Social Psychologist Lee Ross ran an experiment where he took peace proposals created by Israeli negotiators and labeled them Palestinian. He then labeled Palestinian peace proposals as Israeli.
He presented them to Israeli citizens and asked them which ones they liked better.
They liked the Palestinian proposals that were labeled Israeli and disliked the Israeli proposals labeled Palestinian.
Geoffrey Cohen ran a similar experiment in the U.S. and found the following.
Democrats will endorse an extremely restrictive welfare proposal, one usually associated with Republicans, if they think it has been proposed by the Democratic Party, and Republicans will support a generous welfare policy if they think it comes from the Republican Party. Label the same proposal as coming from the other side, and you might as well be asking people to support a policy proposed by Hitler, Stalin, or Attila the Hun.
Both examples are from the book, Mistakes Were Made (But Not By Me) and they were designed to explain Naive Realism and the cognitive dissonance it creates.
But they are also two great examples of the Halo and Horns Effect, a behavioral bias that we all succumb to.
The Halo Effect happens when you like some aspect of a person you tend to like all other aspects of that person even if you barely know them or never witnessed their other attributes. You also tend to overrate their abilities.
You meet Jane at a cocktail party. Jane is personable and easy to talk to. You enjoyed your brief time with Jane. Then later on someone running a charity asks you how generous Jane is and how likely Jane will donate to their charity. You will most likely rate Jane as very generous and very likely to donate to the charity.
But how do you know this?
You know nothing about Jane’s generosity. You only really know that Jane was friendly and personable. You overrated Jane’s level of generosity because you liked her.
The opposite is the Horn Effect.
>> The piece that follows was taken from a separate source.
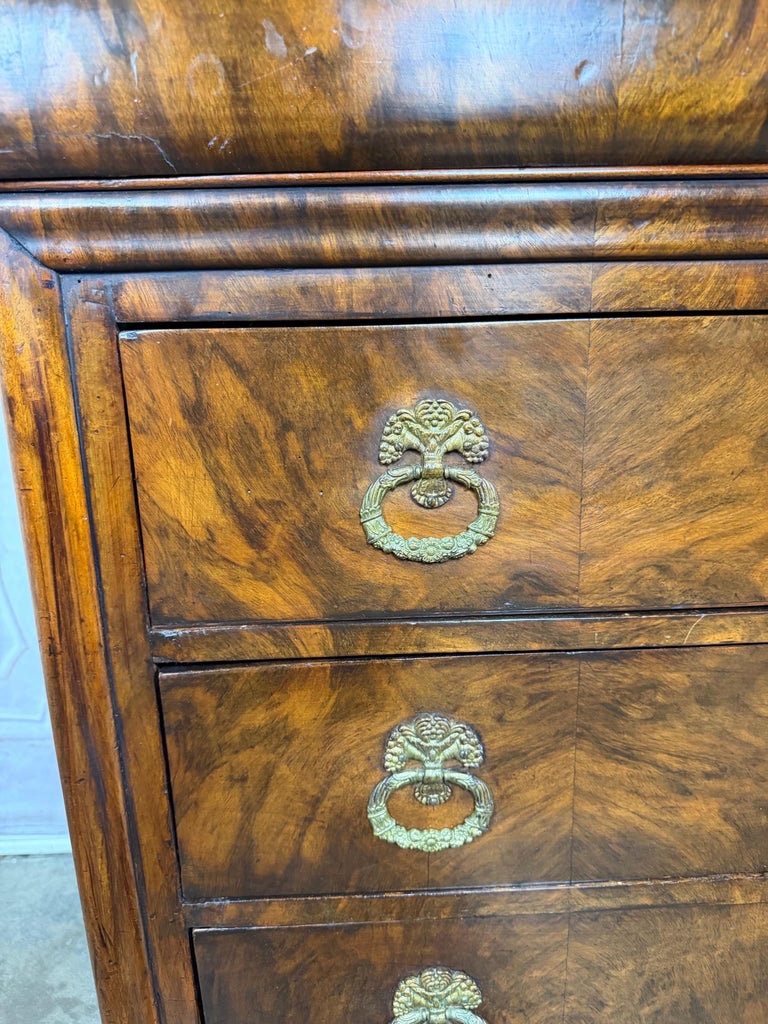 Antique French Louis Philippe Burl Walnut Commode-Marble Top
You tend to underweight someone’s abilities and dislike all other aspects of a person based on one trait.
As Goeffrey Cohen pointed out our political beliefs are heavily influenced by our behavioral biases and it has unintended consequences on your portfolio.
Politics & Portfolios
From the paper Political Climate, Optimism, and Investment Decision.
In our main empirical analysis, using the Gallup data, we show that Democrats (Republicans) become more optimistic about the stock market and the overall economy when Democrats (Republicans) come to power and there is a decline in optimism when the opposite party comes to power.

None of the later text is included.